This article explains the difference between applied and artistic photography: Applied photography serves an external purpose such as advertising or documentation, while artistic photography focuses on expression and the work itself. Everyday photos form a third category that is often not clearly assignable. The photographer's motivation determines the classification.
Category: Photography Basics > 1. What is Photography? Article ID: 1.5 Created: May 2026
Key Points in Brief
- Applied Photography: The photo is a means to an end – it serves a specific, often commercial goal
- Artistic Photography: The photo is an end in itself – expression and the work are the focus
- Most everyday photos cannot be clearly assigned to either category – the photographer's motivation decides
Explanation
Photography can roughly be divided into two directions that differ in their objectives.
Applied Photography
In applied photography, the photo serves an external purpose. The image is meant to achieve something – sell a product, document a fact, fulfill an assignment.
Typical examples:
- Advertising and product photography (e.g., for catalogs or online shops)
- Fashion photography
- Documentary shots (e.g., before/after pictures, damage documentation)
- Portraits taken by professional photographers
- Real estate and architectural photos for sales purposes
In applied photography, the photographer is strongly dependent on the client or target audience – style, visual language, and content are oriented toward the intended use.
Artistic Photography (Photographic Art)
In artistic photography, the work itself is the focus. The photo has no primary commercial purpose – it aims to create expression, evoke an effect in the viewer, or make a personal statement.
Typical examples:
- Travel and landscape photography without a commission
- Family and everyday photos
- Creative portraits, architectural shots, or animal photography driven by artistic interest
- Experimental shots with pinhole cameras or unconventional lenses
Artistic photographers are not dependent on clients or target audiences – they have maximum creative freedom.
The Third Category: Everyday Photography
Most people neither photograph for a client nor with artistic intent. Snapshots, memory photos, images for chats or social networks – here, personal documentation or communication is the focus. These images cannot be clearly assigned to either of the two categories but are still copyright-protected works in the legal sense.

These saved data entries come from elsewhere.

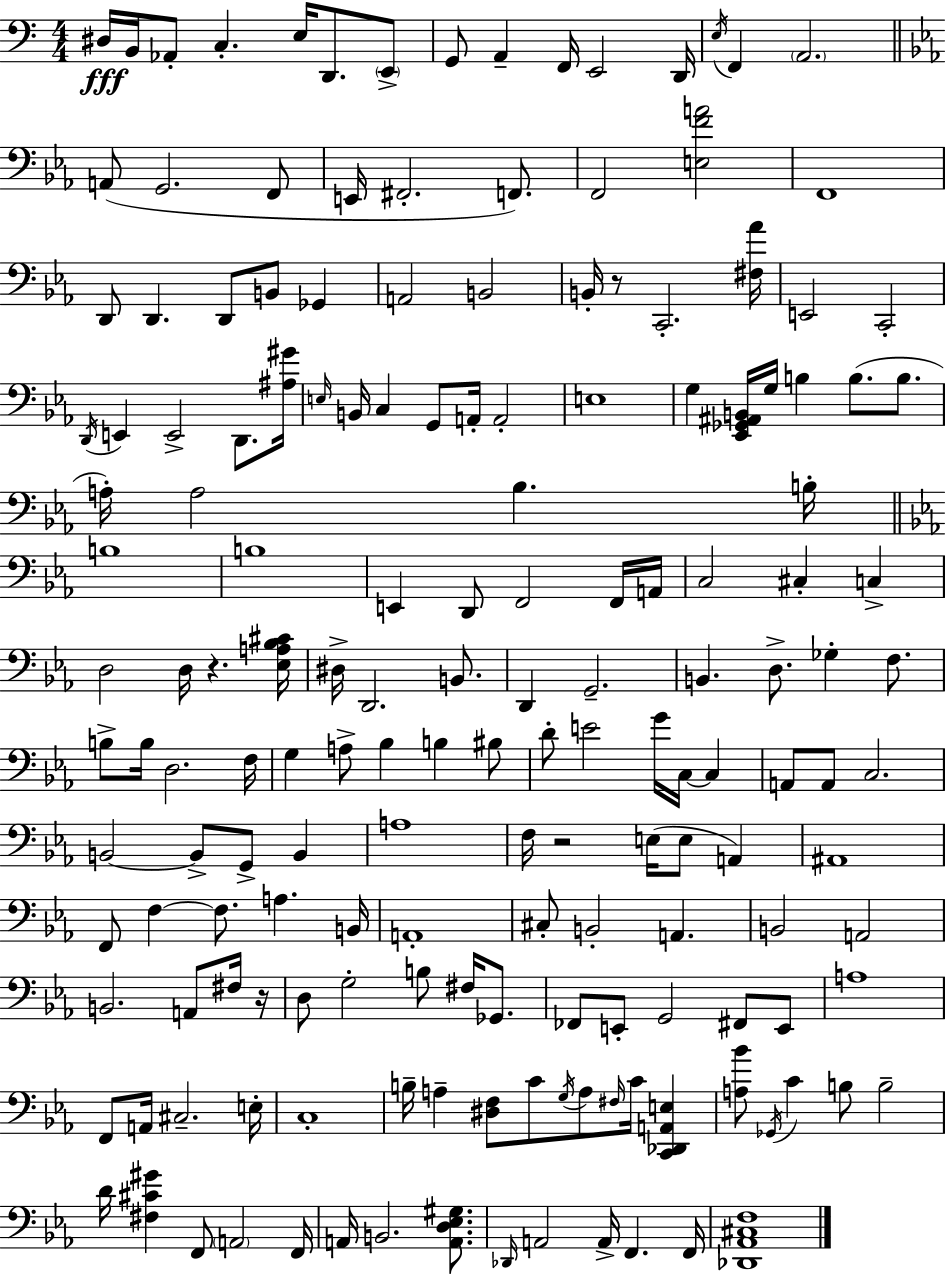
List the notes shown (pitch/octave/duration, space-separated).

D#3/s B2/s Ab2/e C3/q. E3/s D2/e. E2/e G2/e A2/q F2/s E2/h D2/s E3/s F2/q A2/h. A2/e G2/h. F2/e E2/s F#2/h. F2/e. F2/h [E3,F4,A4]/h F2/w D2/e D2/q. D2/e B2/e Gb2/q A2/h B2/h B2/s R/e C2/h. [F#3,Ab4]/s E2/h C2/h D2/s E2/q E2/h D2/e. [A#3,G#4]/s E3/s B2/s C3/q G2/e A2/s A2/h E3/w G3/q [Eb2,Gb2,A#2,B2]/s G3/s B3/q B3/e. B3/e. A3/s A3/h Bb3/q. B3/s B3/w B3/w E2/q D2/e F2/h F2/s A2/s C3/h C#3/q C3/q D3/h D3/s R/q. [Eb3,A3,Bb3,C#4]/s D#3/s D2/h. B2/e. D2/q G2/h. B2/q. D3/e. Gb3/q F3/e. B3/e B3/s D3/h. F3/s G3/q A3/e Bb3/q B3/q BIS3/e D4/e E4/h G4/s C3/s C3/q A2/e A2/e C3/h. B2/h B2/e G2/e B2/q A3/w F3/s R/h E3/s E3/e A2/q A#2/w F2/e F3/q F3/e. A3/q. B2/s A2/w C#3/e B2/h A2/q. B2/h A2/h B2/h. A2/e F#3/s R/s D3/e G3/h B3/e F#3/s Gb2/e. FES2/e E2/e G2/h F#2/e E2/e A3/w F2/e A2/s C#3/h. E3/s C3/w B3/s A3/q [D#3,F3]/e C4/e G3/s A3/e F#3/s C4/s [C2,Db2,A2,E3]/q [A3,Bb4]/e Gb2/s C4/q B3/e B3/h D4/s [F#3,C#4,G#4]/q F2/e A2/h F2/s A2/s B2/h. [A2,D3,Eb3,G#3]/e. Db2/s A2/h A2/s F2/q. F2/s [Db2,Ab2,C#3,F3]/w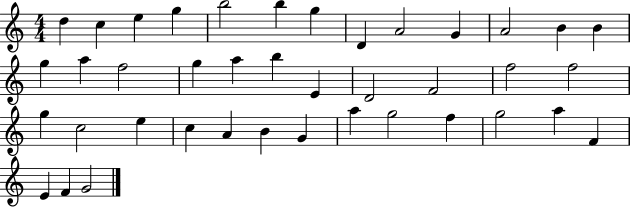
{
  \clef treble
  \numericTimeSignature
  \time 4/4
  \key c \major
  d''4 c''4 e''4 g''4 | b''2 b''4 g''4 | d'4 a'2 g'4 | a'2 b'4 b'4 | \break g''4 a''4 f''2 | g''4 a''4 b''4 e'4 | d'2 f'2 | f''2 f''2 | \break g''4 c''2 e''4 | c''4 a'4 b'4 g'4 | a''4 g''2 f''4 | g''2 a''4 f'4 | \break e'4 f'4 g'2 | \bar "|."
}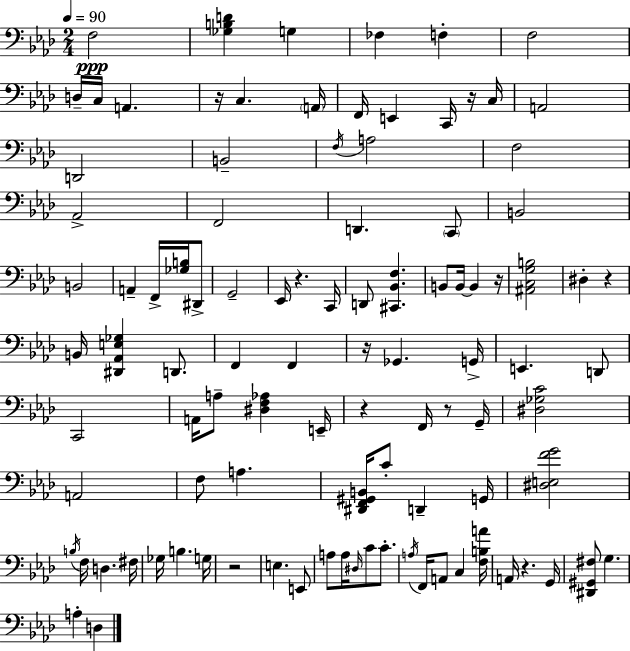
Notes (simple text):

F3/h [Gb3,B3,D4]/q G3/q FES3/q F3/q F3/h D3/s C3/s A2/q. R/s C3/q. A2/s F2/s E2/q C2/s R/s C3/s A2/h D2/h B2/h F3/s A3/h F3/h Ab2/h F2/h D2/q. C2/e B2/h B2/h A2/q F2/s [Gb3,B3]/s D#2/e G2/h Eb2/s R/q. C2/s D2/e [C#2,Bb2,F3]/q. B2/e B2/s B2/q R/s [A#2,C3,G3,B3]/h D#3/q R/q B2/s [D#2,Ab2,E3,Gb3]/q D2/e. F2/q F2/q R/s Gb2/q. G2/s E2/q. D2/e C2/h A2/s A3/e [D#3,F3,Ab3]/q E2/s R/q F2/s R/e G2/s [D#3,Gb3,C4]/h A2/h F3/e A3/q. [D#2,F2,G#2,B2]/s C4/e D2/q G2/s [D#3,E3,F4,G4]/h B3/s F3/s D3/q. F#3/s Gb3/s B3/q. G3/s R/h E3/q. E2/e A3/e A3/s D#3/s C4/e C4/e. A3/s F2/s A2/e C3/q [F3,B3,A4]/s A2/s R/q. G2/s [D#2,G#2,F#3]/e G3/q. A3/q D3/q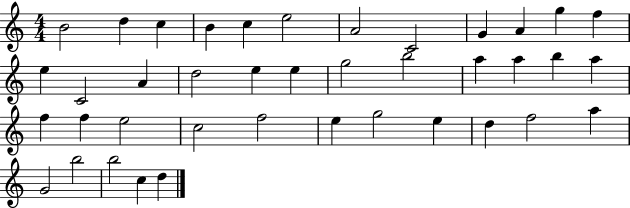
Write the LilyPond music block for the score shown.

{
  \clef treble
  \numericTimeSignature
  \time 4/4
  \key c \major
  b'2 d''4 c''4 | b'4 c''4 e''2 | a'2 c'2 | g'4 a'4 g''4 f''4 | \break e''4 c'2 a'4 | d''2 e''4 e''4 | g''2 b''2 | a''4 a''4 b''4 a''4 | \break f''4 f''4 e''2 | c''2 f''2 | e''4 g''2 e''4 | d''4 f''2 a''4 | \break g'2 b''2 | b''2 c''4 d''4 | \bar "|."
}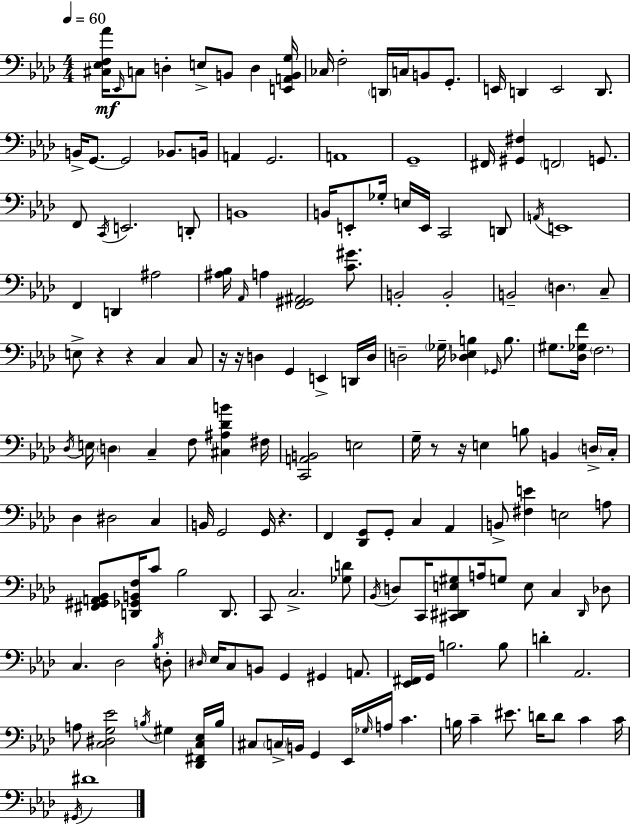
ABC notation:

X:1
T:Untitled
M:4/4
L:1/4
K:Fm
[^C,_E,F,_A]/4 _E,,/4 C,/2 D, E,/2 B,,/2 D, [E,,A,,B,,G,]/4 _C,/4 F,2 D,,/4 C,/4 B,,/2 G,,/2 E,,/4 D,, E,,2 D,,/2 B,,/4 G,,/2 G,,2 _B,,/2 B,,/4 A,, G,,2 A,,4 G,,4 ^F,,/4 [^G,,^F,] F,,2 G,,/2 F,,/2 C,,/4 E,,2 D,,/2 B,,4 B,,/4 E,,/2 _G,/4 E,/4 E,,/4 C,,2 D,,/2 A,,/4 E,,4 F,, D,, ^A,2 [^A,_B,]/4 _A,,/4 A, [F,,^G,,^A,,]2 [C^G]/2 B,,2 B,,2 B,,2 D, C,/2 E,/2 z z C, C,/2 z/4 z/4 D, G,, E,, D,,/4 D,/4 D,2 _G,/4 [_D,_E,B,] _G,,/4 B,/2 ^G,/2 [_D,_G,F]/4 F,2 _D,/4 E,/4 D, C, F,/2 [^C,^A,_DB] ^F,/4 [C,,A,,B,,]2 E,2 G,/4 z/2 z/4 E, B,/2 B,, D,/4 C,/4 _D, ^D,2 C, B,,/4 G,,2 G,,/4 z F,, [_D,,G,,]/2 G,,/2 C, _A,, B,,/2 [^F,E] E,2 A,/2 [^F,,^G,,A,,_B,,]/2 [D,,_G,,B,,F,]/4 C/2 _B,2 D,,/2 C,,/2 C,2 [_G,D]/2 _B,,/4 D,/2 C,,/4 [^C,,^D,,E,^G,]/2 A,/4 G,/2 E,/2 C, ^D,,/4 _D,/2 C, _D,2 _B,/4 D,/2 ^D,/4 _E,/4 C,/2 B,,/2 G,, ^G,, A,,/2 [_E,,^F,,]/4 G,,/4 B,2 B,/2 D _A,,2 A,/2 [C,^D,G,_E]2 B,/4 ^G, [_D,,^F,,C,_E,]/4 B,/4 ^C,/2 C,/4 B,,/4 G,, _E,,/4 _G,/4 A,/4 C B,/4 C ^E/2 D/4 D/2 C C/4 ^G,,/4 ^D4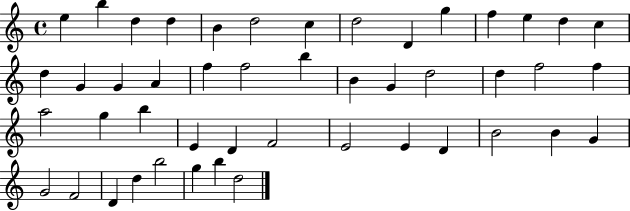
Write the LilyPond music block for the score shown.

{
  \clef treble
  \time 4/4
  \defaultTimeSignature
  \key c \major
  e''4 b''4 d''4 d''4 | b'4 d''2 c''4 | d''2 d'4 g''4 | f''4 e''4 d''4 c''4 | \break d''4 g'4 g'4 a'4 | f''4 f''2 b''4 | b'4 g'4 d''2 | d''4 f''2 f''4 | \break a''2 g''4 b''4 | e'4 d'4 f'2 | e'2 e'4 d'4 | b'2 b'4 g'4 | \break g'2 f'2 | d'4 d''4 b''2 | g''4 b''4 d''2 | \bar "|."
}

Important: Genre does not determine the category
Almost every photography genre – landscape, portrait, architecture, sports – can be either applied or artistic. Classification depends solely on the motivation and intended use, not on the subject itself.
Practical Tip
If you wonder which category your own photography belongs to: Ask yourself the question “Am I photographing for someone or for myself?” – the answer will show whether you are more in the applied or artistic realm. Many hobby photographers switch between both worlds depending on the situation.